_Problem to work on_. Leaving the pictures aside, repeat each line below exactly.

_Information supplied_.
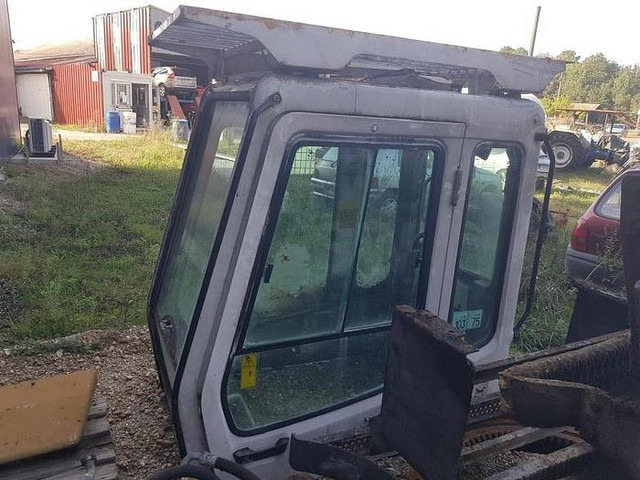 Liebherr A904 R904 A914 R914 A924 R924 A934 R934 A944 R944 A954 R954 - - Hytt för Byggmaskiner: bild 2 Liebherr A904 R904 A914 R914 A924 R924 A934 R934 A944 R944 A954 R954 - - Hytt för Byggmaskiner: bild 2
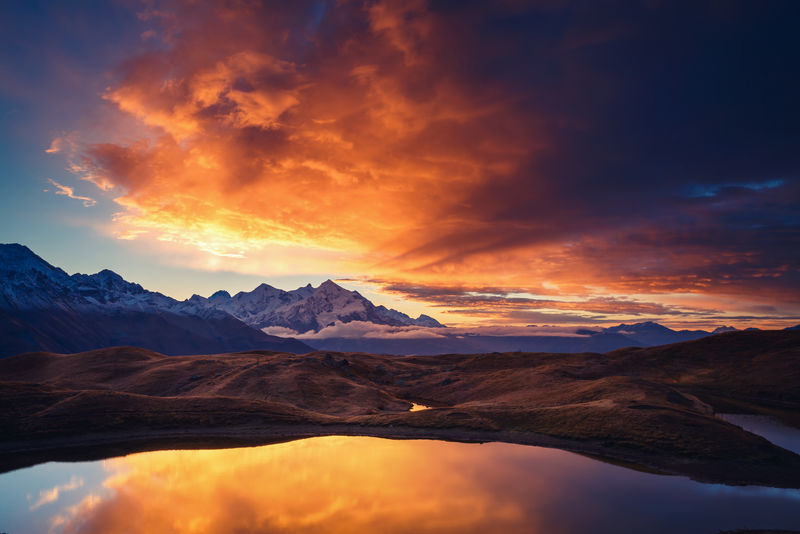 神奇的库尔迪湖乌斯巴山脚下有阴天戏剧性的早晨场景上斯瓦内提梅西亚格鲁吉亚欧洲高加索山脉暖色效果美丽世界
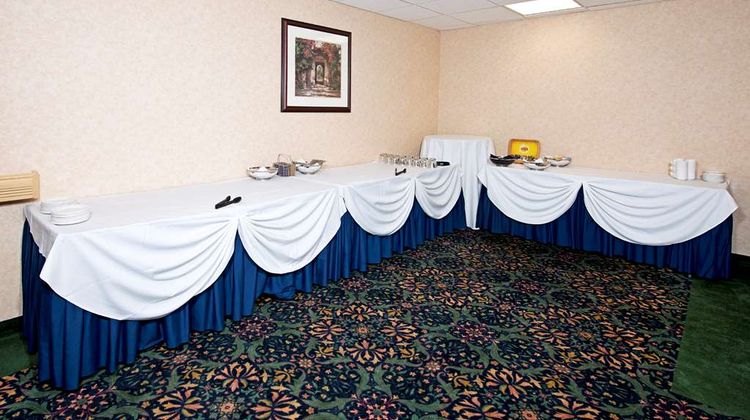 Hampton Inn Ottawa Meeting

_Answer for this exercise_.
 Liebherr A904 R904 A914 R914 A924 R924 A934 R934 A944 R944 A954 R954 - - Hytt för Byggmaskiner: bild 2 Liebherr A904 R904 A914 R914 A924 R924 A934 R934 A944 R944 A954 R954 - - Hytt för Byggmaskiner: bild 2
 神奇的库尔迪湖乌斯巴山脚下有阴天戏剧性的早晨场景上斯瓦内提梅西亚格鲁吉亚欧洲高加索山脉暖色效果美丽世界
 Hampton Inn Ottawa Meeting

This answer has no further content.